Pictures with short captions

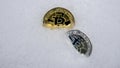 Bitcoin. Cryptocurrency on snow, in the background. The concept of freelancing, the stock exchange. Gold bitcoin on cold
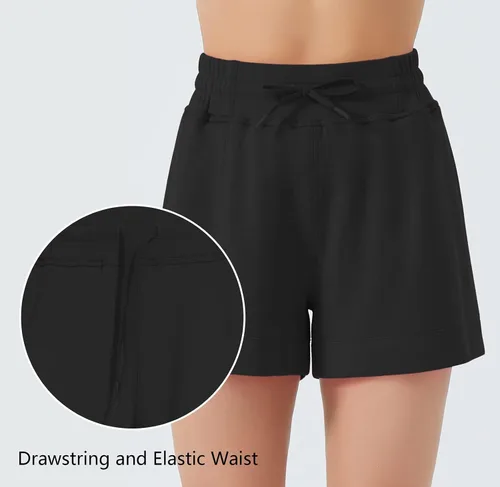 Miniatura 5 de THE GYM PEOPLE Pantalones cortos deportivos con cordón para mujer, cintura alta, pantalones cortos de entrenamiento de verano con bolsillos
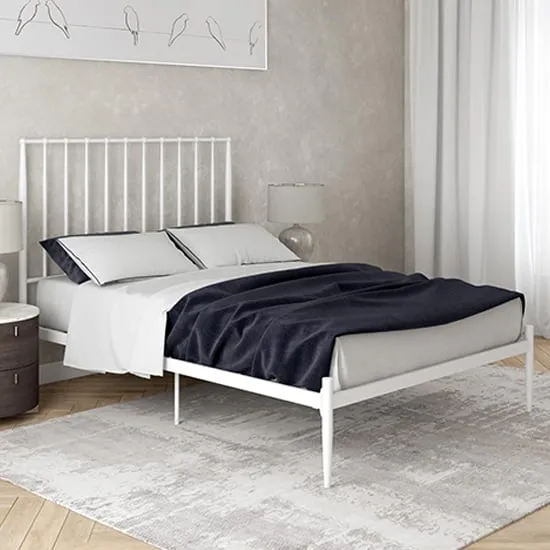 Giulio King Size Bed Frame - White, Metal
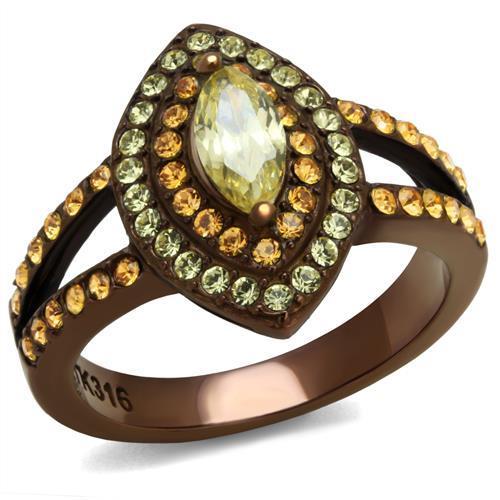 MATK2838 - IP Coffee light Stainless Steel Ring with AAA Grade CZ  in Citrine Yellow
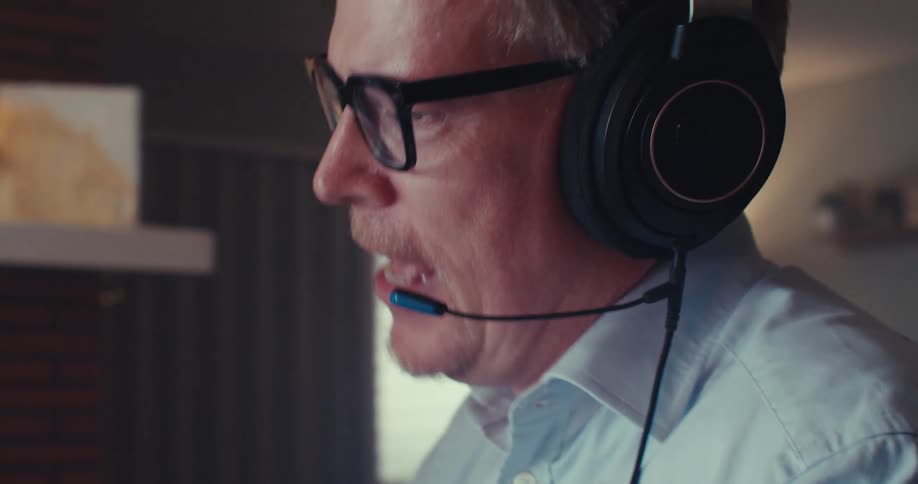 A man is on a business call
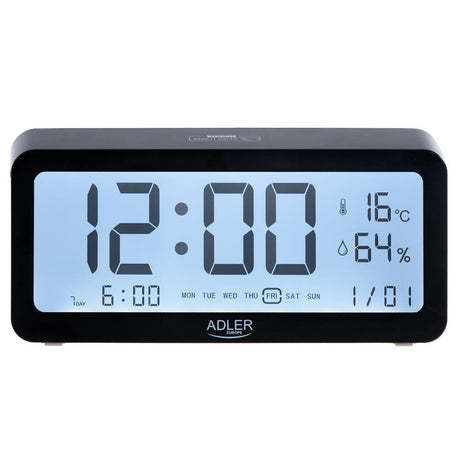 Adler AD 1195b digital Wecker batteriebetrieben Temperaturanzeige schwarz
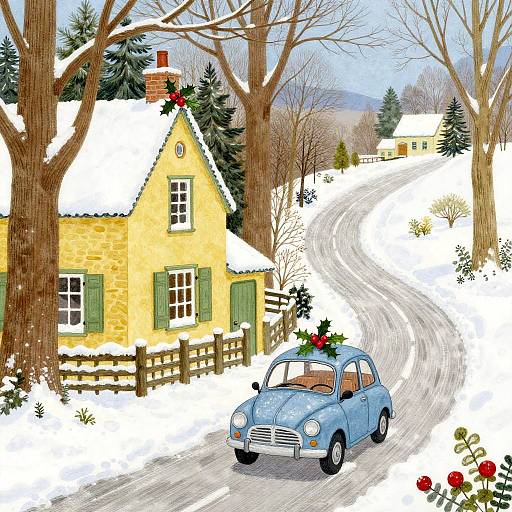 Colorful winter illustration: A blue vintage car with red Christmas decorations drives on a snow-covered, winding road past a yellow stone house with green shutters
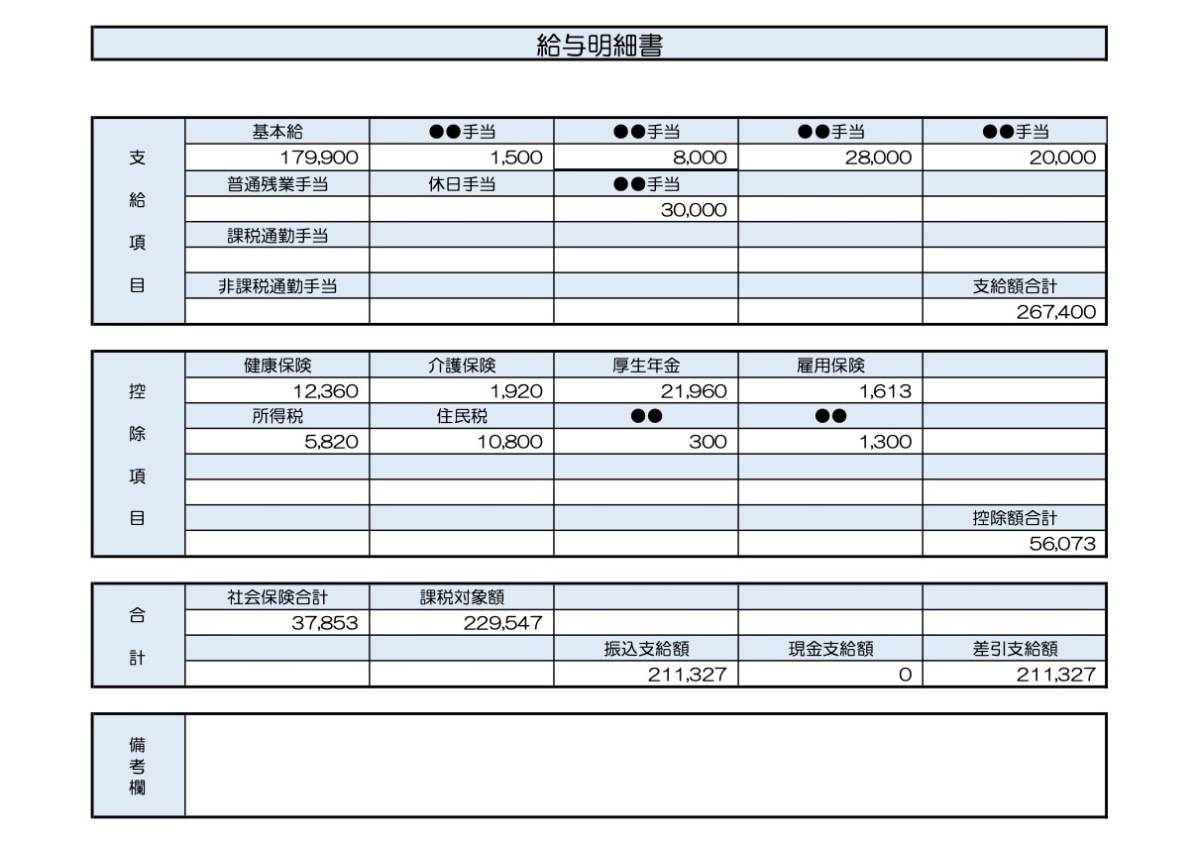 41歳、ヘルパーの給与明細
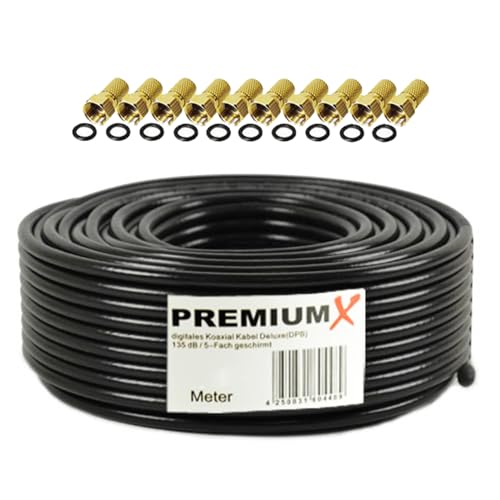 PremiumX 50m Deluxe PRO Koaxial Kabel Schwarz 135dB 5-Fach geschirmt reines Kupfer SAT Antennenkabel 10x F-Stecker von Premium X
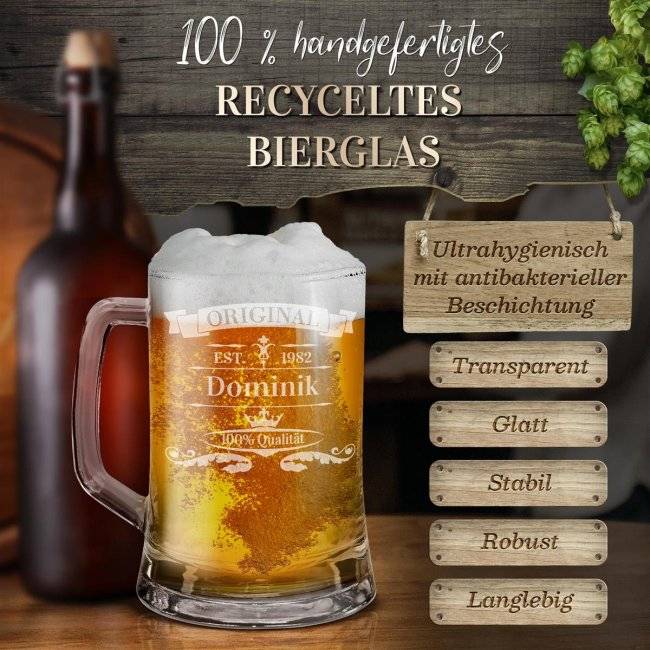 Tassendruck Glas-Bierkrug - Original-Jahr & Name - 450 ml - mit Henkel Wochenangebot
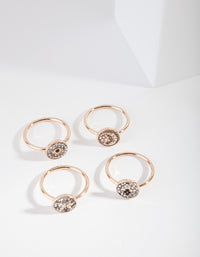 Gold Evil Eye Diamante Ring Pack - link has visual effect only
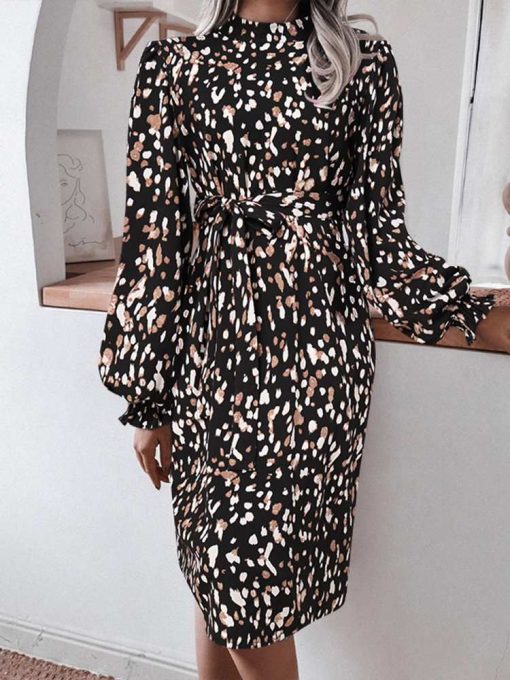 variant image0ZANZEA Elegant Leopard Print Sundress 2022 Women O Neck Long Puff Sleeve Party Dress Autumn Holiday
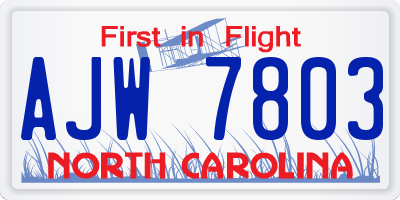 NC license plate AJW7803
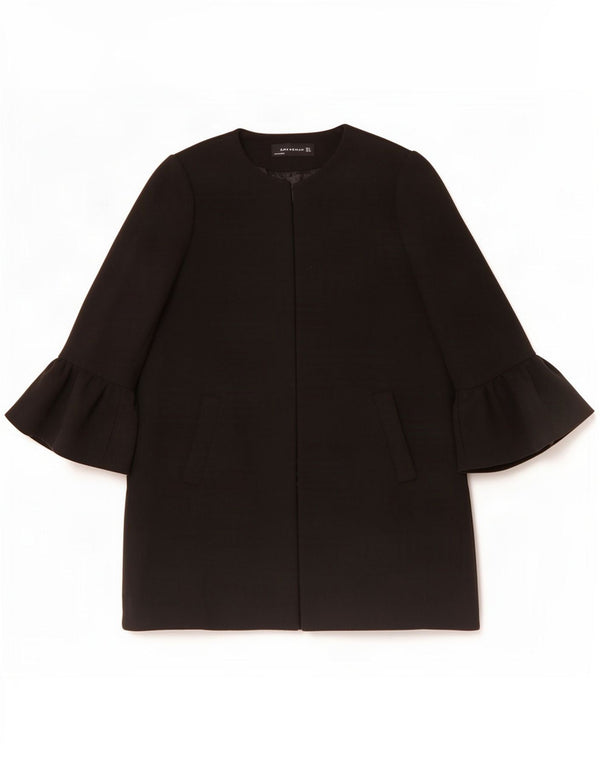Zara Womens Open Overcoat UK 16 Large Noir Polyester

*Prompt*:
What the answer must hold is the exact text of every line from the one containing "NC license plate AJW7803" through the end of the data, minus any pictures.

*Exercise response*:
 NC license plate AJW7803
Zara Womens Open Overcoat UK 16 Large Noir Polyester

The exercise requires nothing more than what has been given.